Liberal Democrats for Electoral Reform have a new President – Wendy Chamberlain, our MP for North East Fife.
Since entering Parliament in 2019, Wendy has made her mark as an articulate, vivid advocate of electoral reform. Through most of 2020, as our Political and Constitutional Reform front bench spokesperson, she led the campaign both inside and outside Parliament. Last June, she initiated an adjournment debate on the need for reform. In August, she urged party members to join a Make Votes Matter (MVM) nationwide ‘virtual’ Action Day, which saw hundreds of Liberal Democrats get involved.

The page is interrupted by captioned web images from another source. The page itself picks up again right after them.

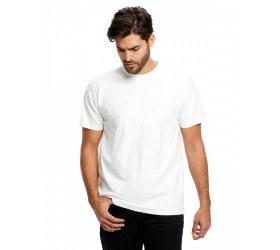 Men's Vintage Fit Heavyweight Cotton T-Shirt US3210 US Blanks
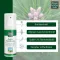 ALLGÄUER LATSCHENK. Arnica extra vahva pumppusuihke, 100 ml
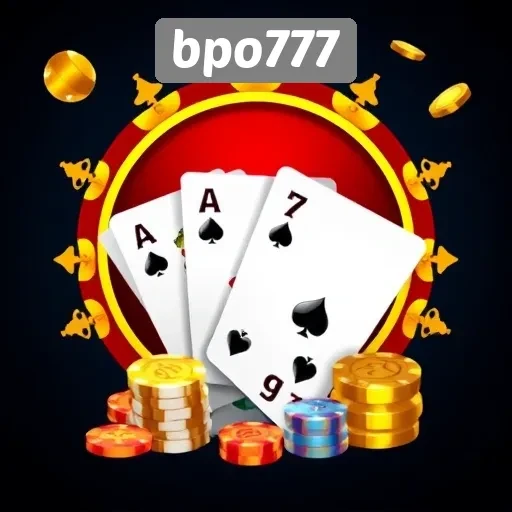 Review Penyedia Permainan di bpo777 Untuk Pengguna Indonesia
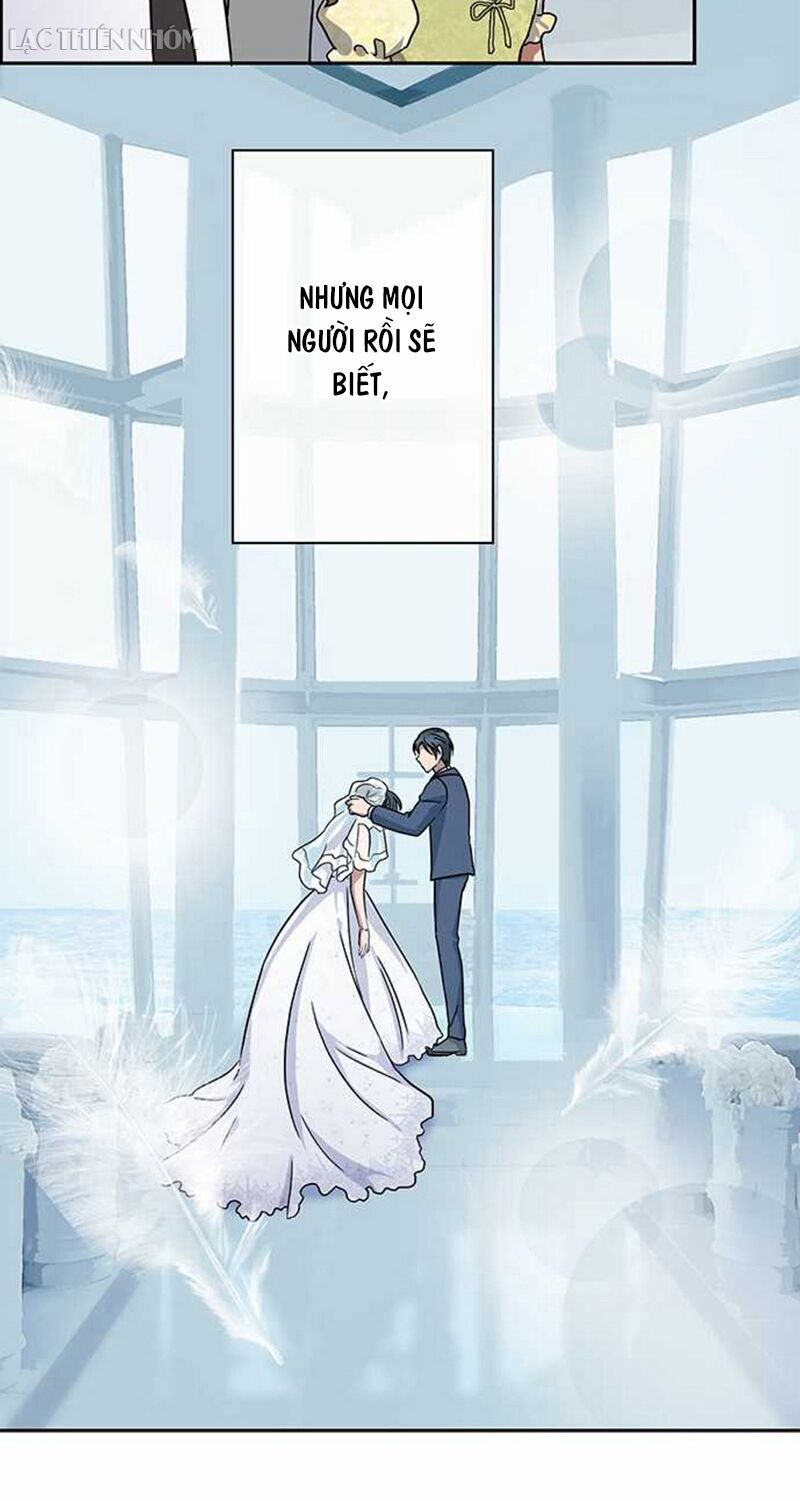nụ hôn nguyền rủa chapter 114 32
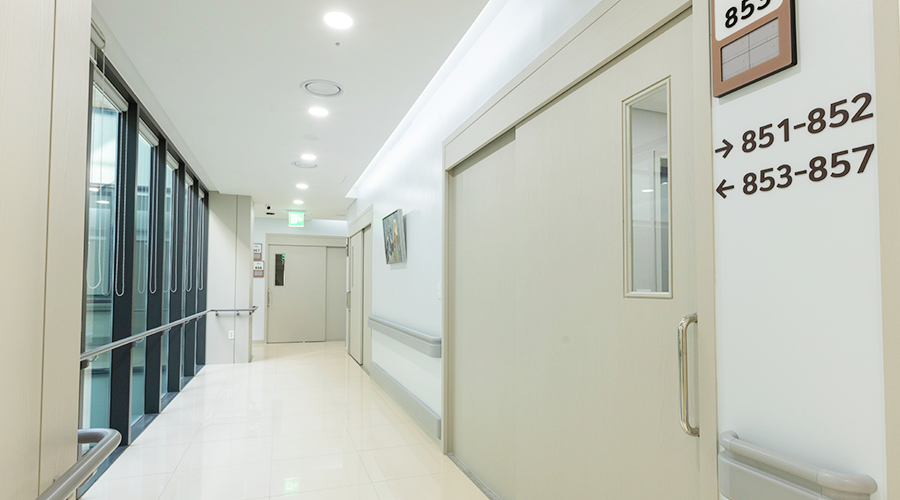 annexbuilding_5F_Hall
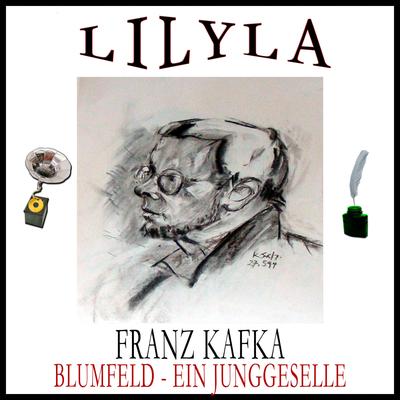 Blumfeld - Ein Junggeselle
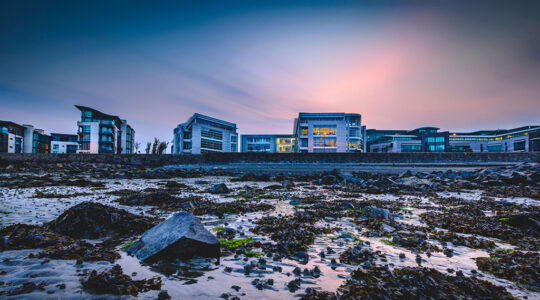 Fund domicile White Paper grid 1024x569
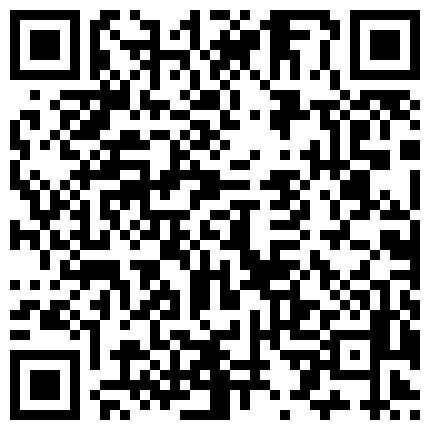 339966.xyz 燕姐户外真实勾引农村正采野菜的瘦小老头打野战老大爷人虽瘦但肉棒不小还能硬多种体位干的燕姐尖叫源码高清录制的二维码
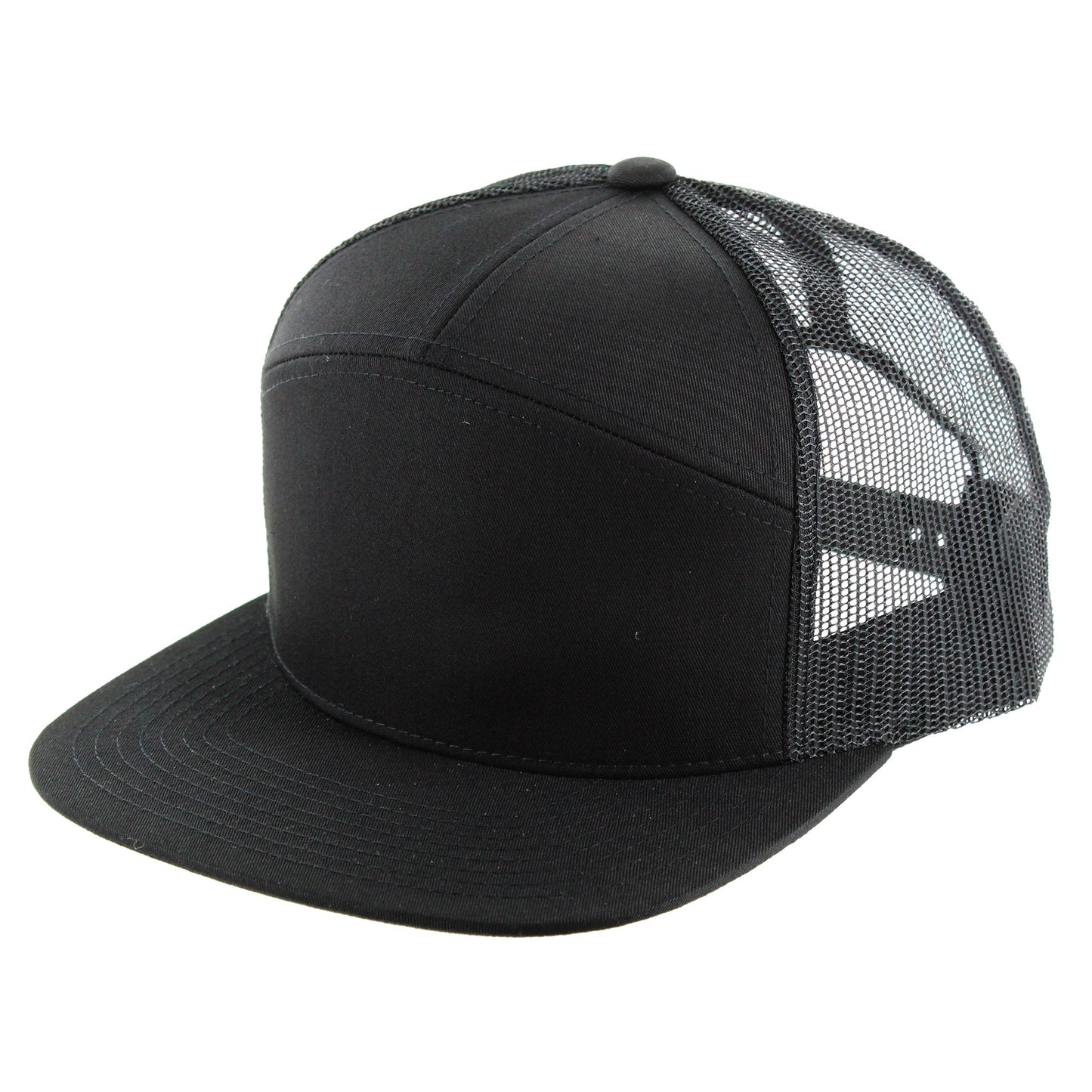K707T - 7 PANEL TRUCKER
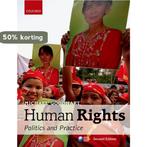 Human Rights 9780199608287 Goodhart, Boeken, Verzenden, Zo goed als nieuw, Goodhart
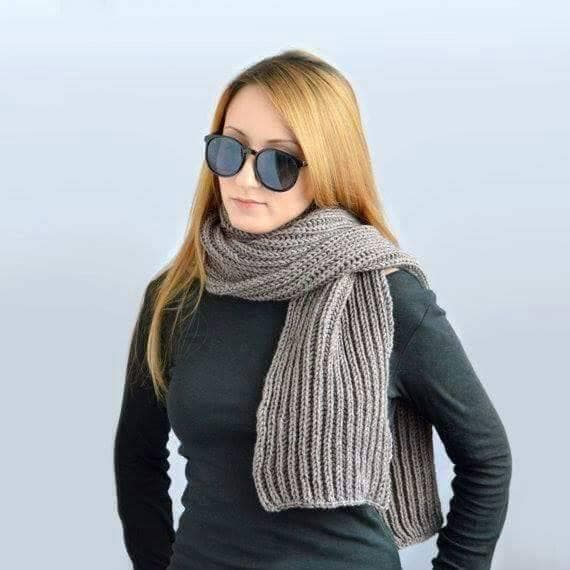 هدايا بسيطة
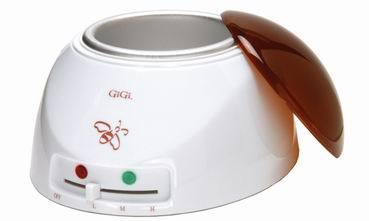 GiGi Wax Warmer GiGi Wax Warmer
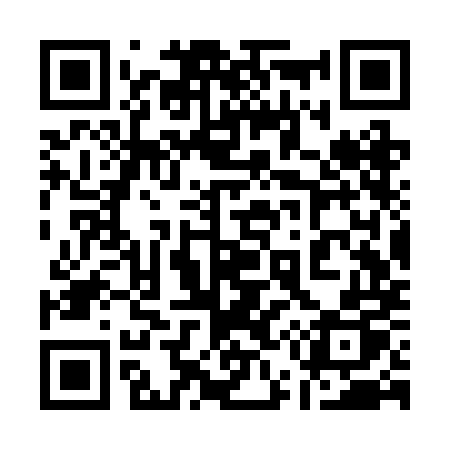 QR code for 153RMP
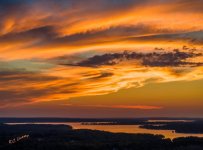 Grand Lake sunset.jpg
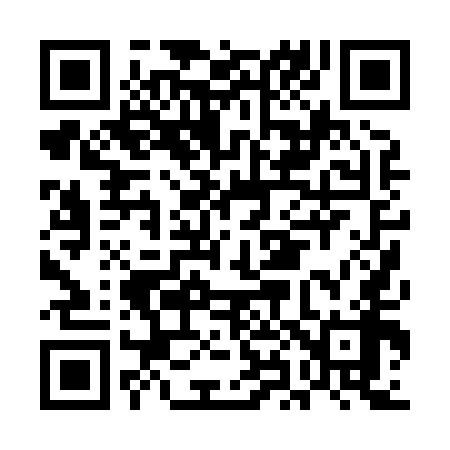 QR code for EH0858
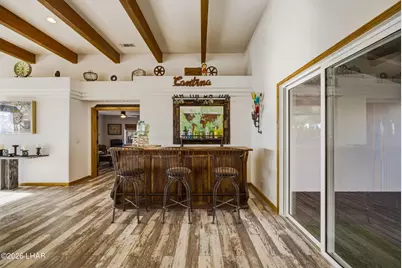 9403 Bluff Dr, Parker, AZ 85344 - Photo 40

A strong believer in linking reform to improving peoples’ everyday lives, also last June, Wendy spoke alongside Klina Jordan of MVM at a Green Liberal Democrats’ conference session on Electoral Reform and the Environment. In September, she led LDER’s virtual fringe meeting, along with the Electoral Reform Society, Make Votes Matter and Unite to Reform.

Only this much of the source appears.